Materials and Methods

Instrumental ΣTCP Data.

To generate seasonal ΣTCP, we used daily instrumental gridded (0.25° × 0.25°) TCP data from TCPDat (10) (1948 through 2018), which is a publicly available product (https://github.com/jbregy/TCPDat). TCPDat combines gridded precipitation data from the Climate Prediction Center (48) with the TC best track data from HURDAT2 (33, 49), available from the World Meteorological Organization’s International Best Track Archive for Climate Stewardship initiative version 03r09 (49). TCPDat provides robust spatial coverage of TCP allowing the observed record to not be dominated by a single weather station. While the hurricane season lasts officially from June 1 to November 30, most longleaf pine trees stop growing by October 15 (50). We therefore defined seasonal ΣTCP for each year as the sum of daily TCP for the period June 1 to October 15, the period best captured by latewood ring width (27). We created a regional (spatial) average of ΣTCP based on 43 contiguous grid points that received at least an average of 40 mm/year and ensured that every grid point that contained a tree-ring site was included (Fig. 1). We also calculated seasonal non-ΣTCP by subtracting the ΣTCP from seasonal total (June 1 to October 15) precipitation for each of the 43 grid points and then spatially averaging for each year.

Field and Laboratory Methods.

We used five previously published latewood-width chronologies (27, 28) along with two newly sampled longleaf pine latewood width chronologies for a total of seven sites across North Carolina and South Carolina (Fig. 1).
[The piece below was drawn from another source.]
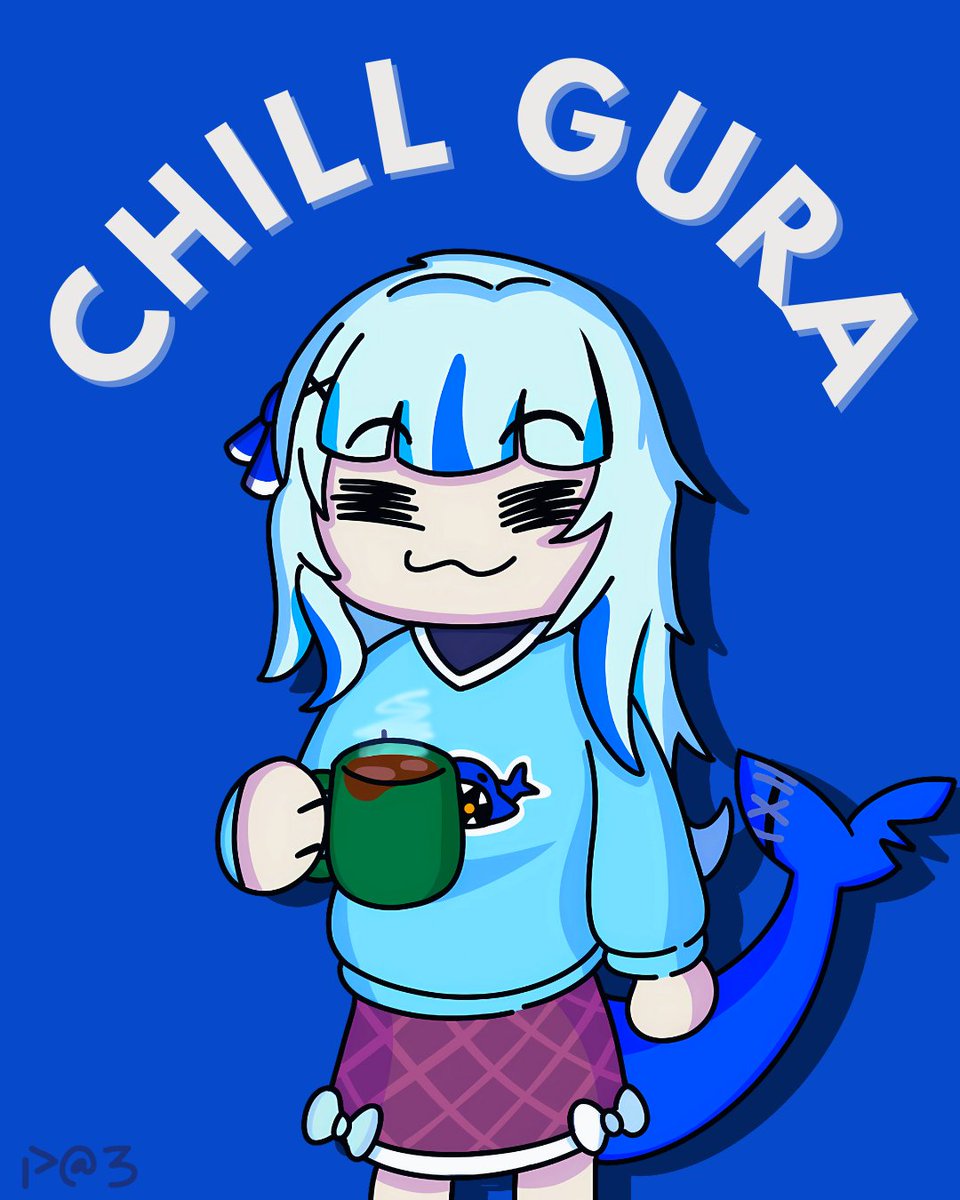 heyypaeh's tweet photo. gura's new outfit and her tasty hot chocolate
#snowshark #gawrt #vtubers https://t.co/JmMQmC1hmu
We further extended two of the previously published chronologies with remnant wood cross-section data (SI Appendix, Table S5). All seven sites are located on Carolina bay sand rims and support longleaf/wiregrass woodland communities. Seasonal ΣTCP in these sand rims, which rise 0.5 to 1.5 m above the surrounding area and drain water efficiently, account for approximately half of the variance in latewood growth from resident longleaf pine (27, 28). At each site, we targeted every canopy-dominant tree with old-growth morphology (13 to 36 trees per site). For each tree, we extracted two samples from opposite sides at ∼1.3 m above the ground. To extend the chronology, we also extracted cross-sections from stumps and remnant wood using a chainsaw.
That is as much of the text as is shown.